具体例 : 例えば、旅行予約システムでフライト予約とホテル予約が別々のサービスとして管理されている場合などが考えられます。フライト予約後にホテル予約が失敗した場合、フライト予約もキャンセルする必要があります。ここで補償トランザクションを使用する場合もあります。
例であげた送金処理の流れ
トランザクション処理で銀行システムの送金の流れ(DB内部)は以下のようになります。(あくまでもイメージ)
並行処理と直列可能性
並行処理
実際のシステムでは多くのトランザクションを処理する必要があります。トランザクションの処理中には二次記憶の入出力待ちやユーザーの入出力待ちの時間が発生します。このような待ち時間を活用してより多くのトランザクションを処理する機能がデータベースには備わっており、複数のトランザクションを同時に実行することをトランザクションの並行処理といいます。
問題点
ここで特に制約をせずに実行すると問題が起きそうです。
例えば2つのトランザクションが同時に同じ銀行口座の残高を更新するケースを考えてみます。
初期残高: 口座Aの初期残高は1000円
トランザクション1: 口座Aに500円を預け入れる
トランザクション2: 口座Aから300円を引き出す
これらが以下の順で実行されたらどうでしょうか?
// 初期残高
balance = 1000
// トランザクション処理
T1: tmp1 = read(balance) // T1がbalanceを読み取る (tmp1 = 1000)
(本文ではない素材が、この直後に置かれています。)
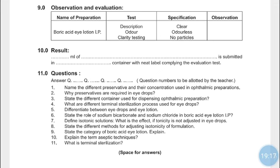The category of Boric Acid in eye lotion is antibacterial and antifungal. Explain the term aseptic technique — write the answer from the introduction part. Experiments 45 and 46 will be covered in the next practical lecture.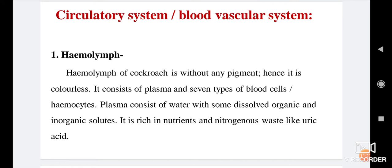Hemolymph of cockroach is without any pigment; hence it is colorless. It consists of plasma and seven types of blood cells, also called hemocytes. Plasma consists of water with some dissolved inorganic and organic solutes. It is rich in nutrients and nitrogenous waste like uric acid.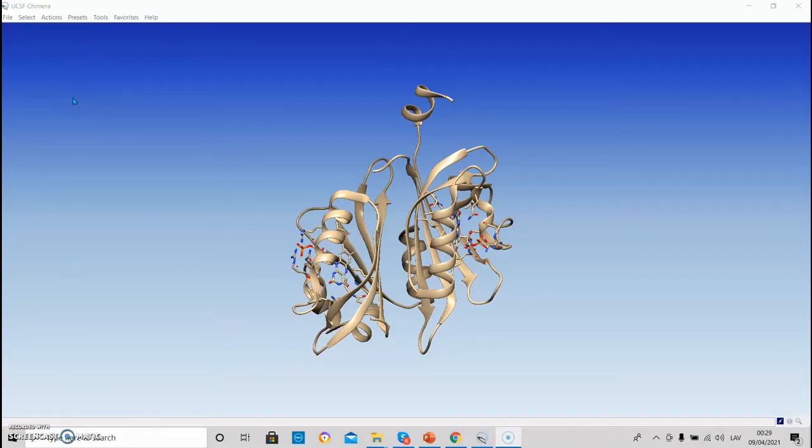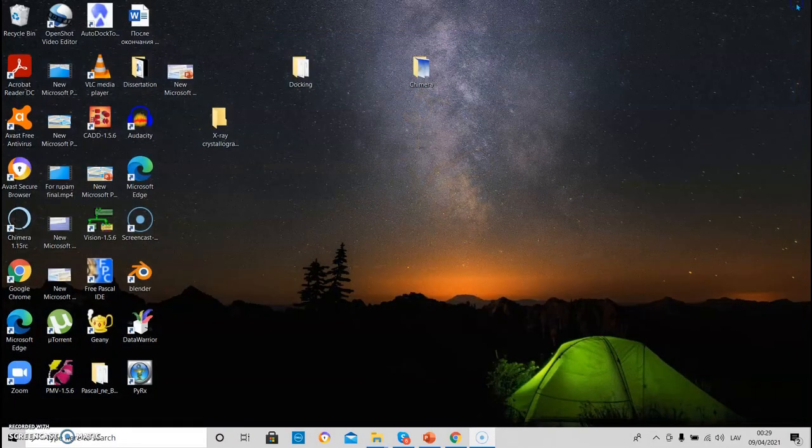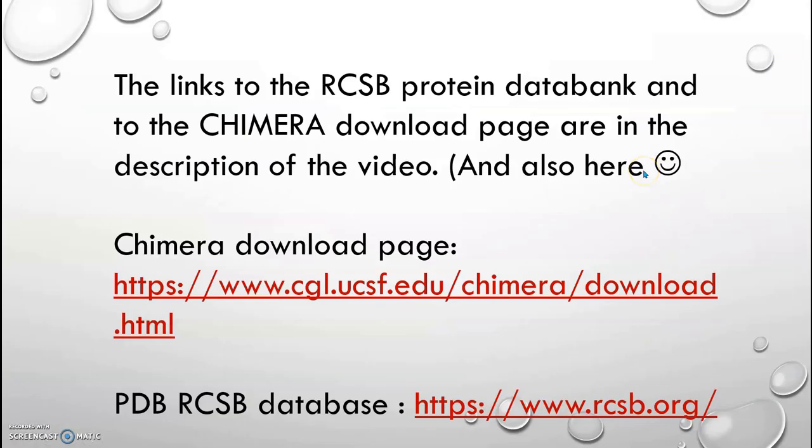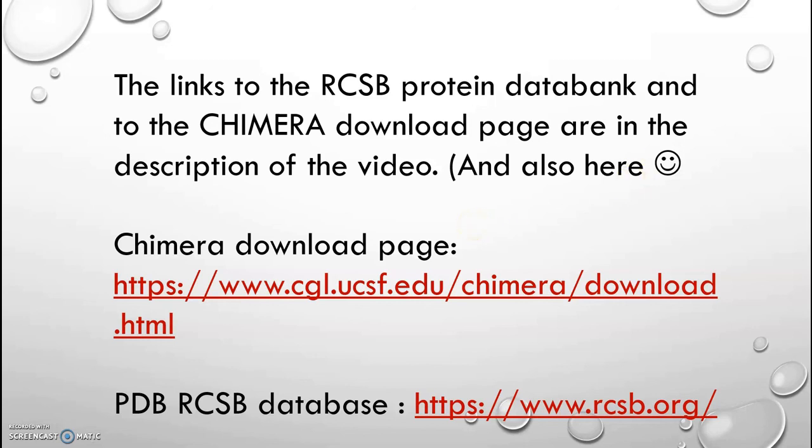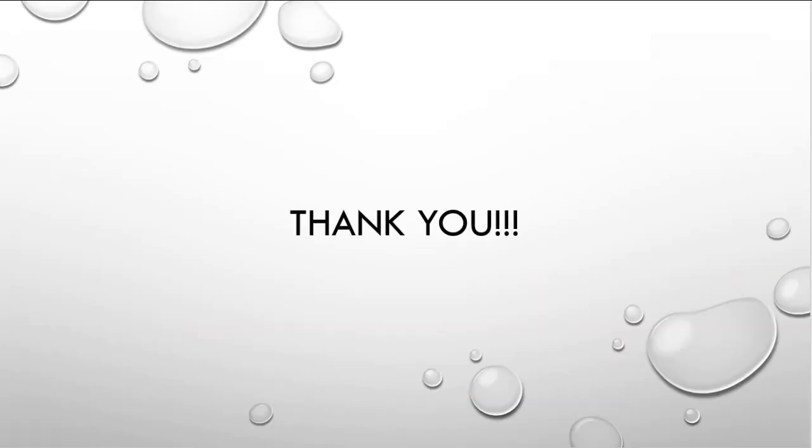And for today, that's it. We can close Chimera. The links of the Chimera download page and the RCSB protein databank will be provided in the descriptions, and they are also on this slide. Thanks for attention.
T2: tmp2 = read(balance) // T2も同時にbalanceを読み取る (tmp2 = 1000)
T1: tmp1 = tmp1 + 500 // T1が計算を実行 (tmp1 = 1500)
T2: tmp2 = tmp2 - 300 // T2が計算を実行 (tmp2 = 700)
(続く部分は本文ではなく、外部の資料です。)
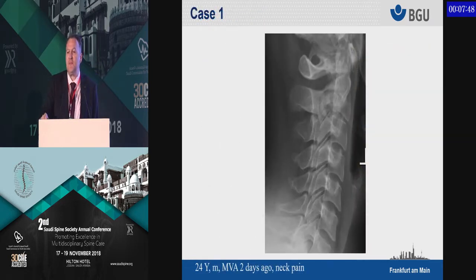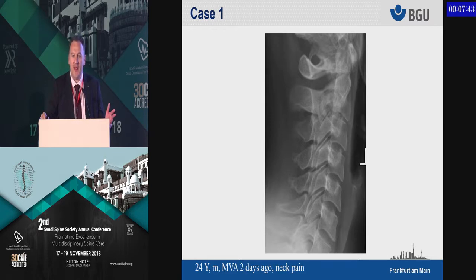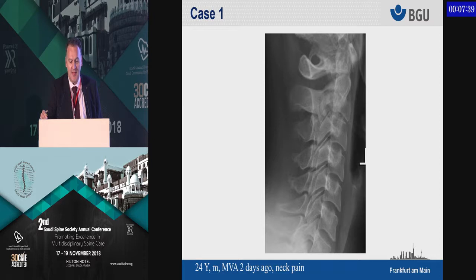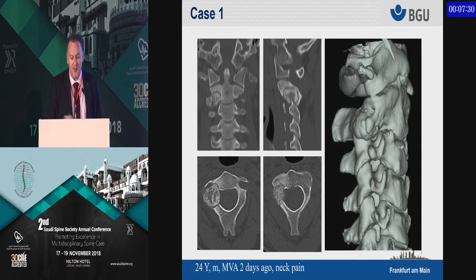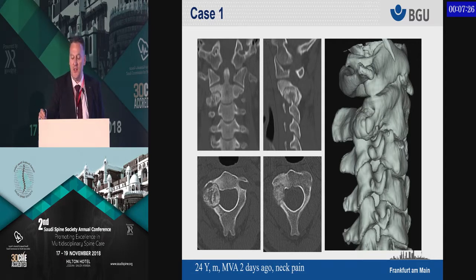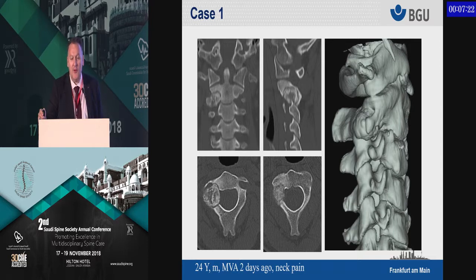Let's have a look at some cases — when do we use fluoroscopy navigation versus CT navigation? A case of a 24-year-old who had a motor vehicle accident two days ago with neck pain. If you look closer, something is obviously wrong, and if you do a CT scan you incidentally see a tumor — which most of you will already know is a benign tumor.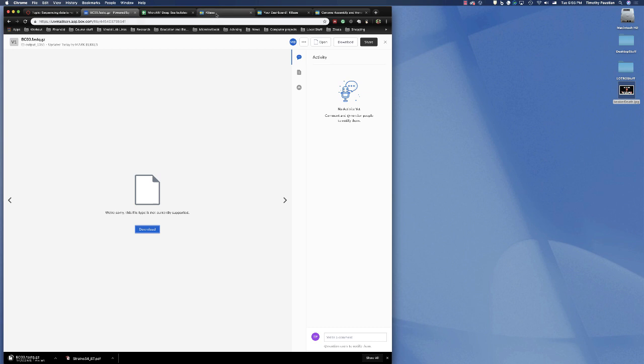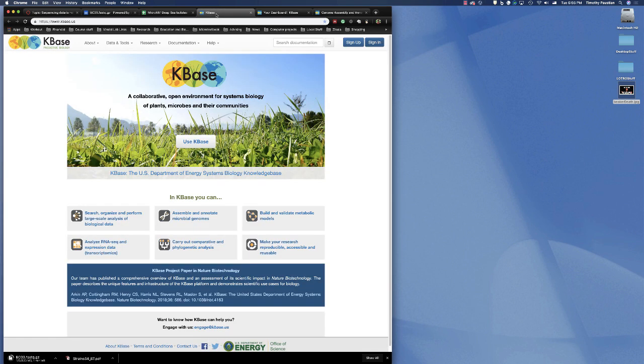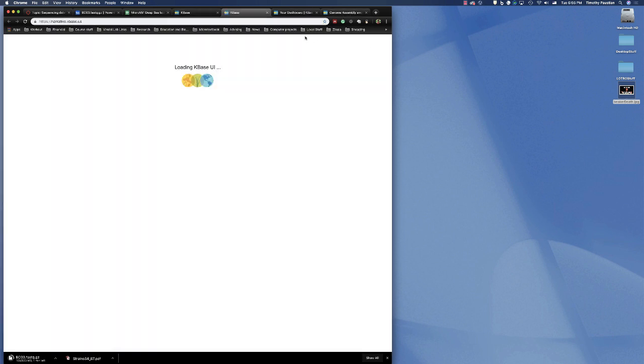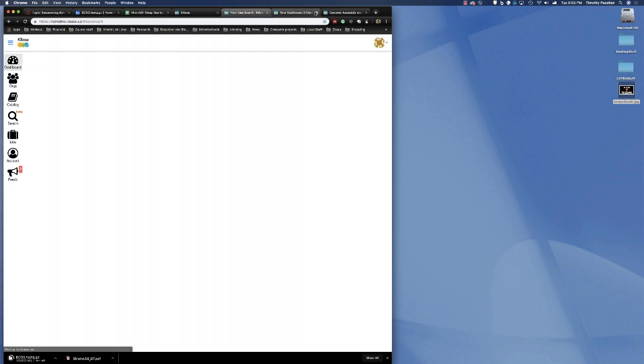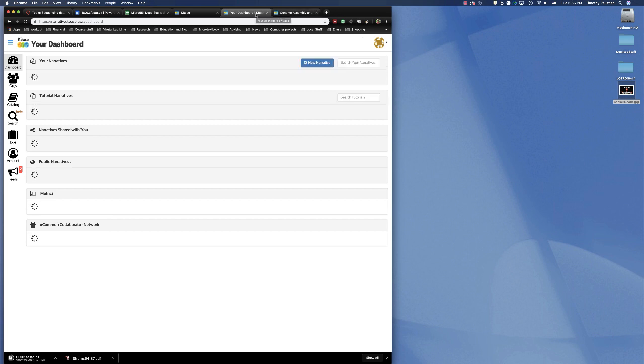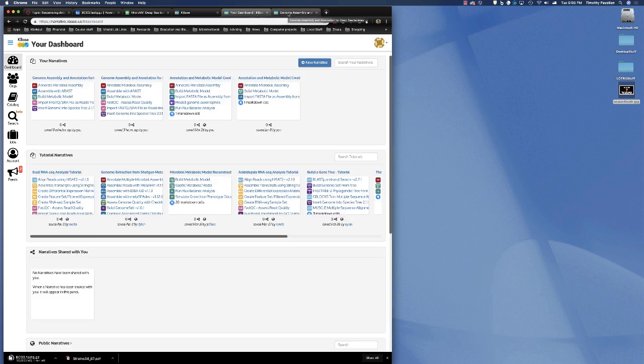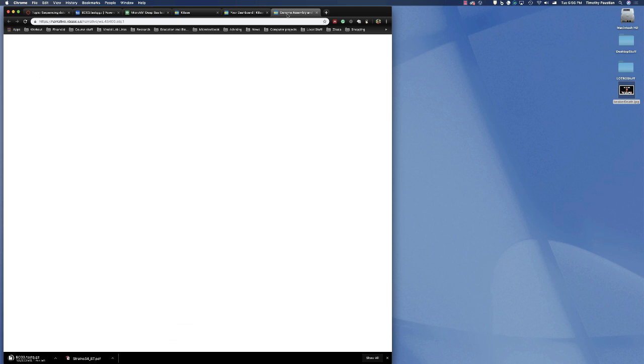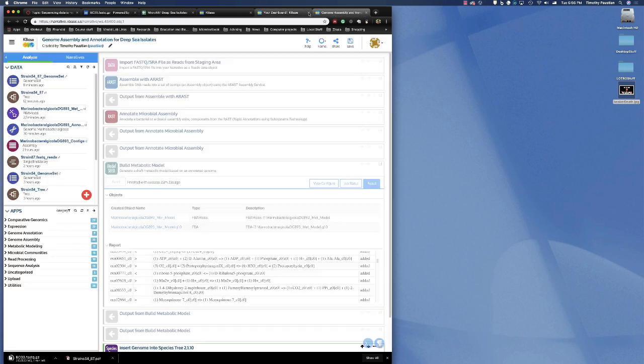In the meantime, while we're waiting for that data, you'll want to go to your KBase account, which again, you set up before. You're going to want to sign in and you'll have a dashboard. We're going to do a somewhat different narrative. In this case, we're going to do a genome assembly narrative.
T2: write(balance, tmp2) // T2がbalanceに700を書き込む (balance = 700)
T1: write(balance, tmp1) // T1がbalanceに1500を書き込む (balance = 1500)
最終的なbalanceは1500になりますが、本来期待される正しい結果は、1000+500−300=1200となるはずで、データの不整合が起こっています。
これらはACID特性の隔離性(isolation)に反する順序でデータ処理を実行したことに起因します。このような不整合が起こらないように処理することを同時実行制御(concurrency control) といいます。
直列可能性(serializability)
並列実行される複数のトランザクションが、あたかも1つずつ順番に直列的に実行されたかのような結果になれば問題なさそうです。
並行して実行されたトランザクションが直列に実行された場合と同じ結果になることを保証する特性を**直列可能性(serializability) **といいます。
直列可能性はデータベース設計における最も厳密な整合性保証です。
直列可能性の判定
スケジュールの導入
説明のためにスケジュールという概念を導入します。
スケジュールは複数のトランザクションがどのように実行されるかを示す順序のことです。各トランザクションの読み取り(Read)や書き込み(Write)操作が含まれます。スケジュールは直列スケジュールと非直列スケジュールに分類でき、直列スケジュールと等価なものを直列可能スケジュールといいます。
以下のスケジュール1(S1)ではT1がデータAを読み書きし、その後 T2がデータBを読み書きします。
S1:
T1: Read(A), Write(A)
T2: Read(B), Write(B)
ここで次の表記法で書き直してみます。
- $S_i$ :スケジュール$i$
- $R_i(A)$:トランザクション$T_i$による項目$A$のread
- $Q_i(A)$:トランザクション$T_i$による項目$A$のwrite
- $C_i$ :トランザクション$T_i$によるcommit
- $A_i$ :トランザクション$T_i$によるabort
競合等価
スケジュールの等価性を定義するための手段として例えば競合等価があります。
競合等価とは、2つのスケジュールが同じ競合操作(同じデータに対する読み書きや書き込み)の順序を持っている場合を指します。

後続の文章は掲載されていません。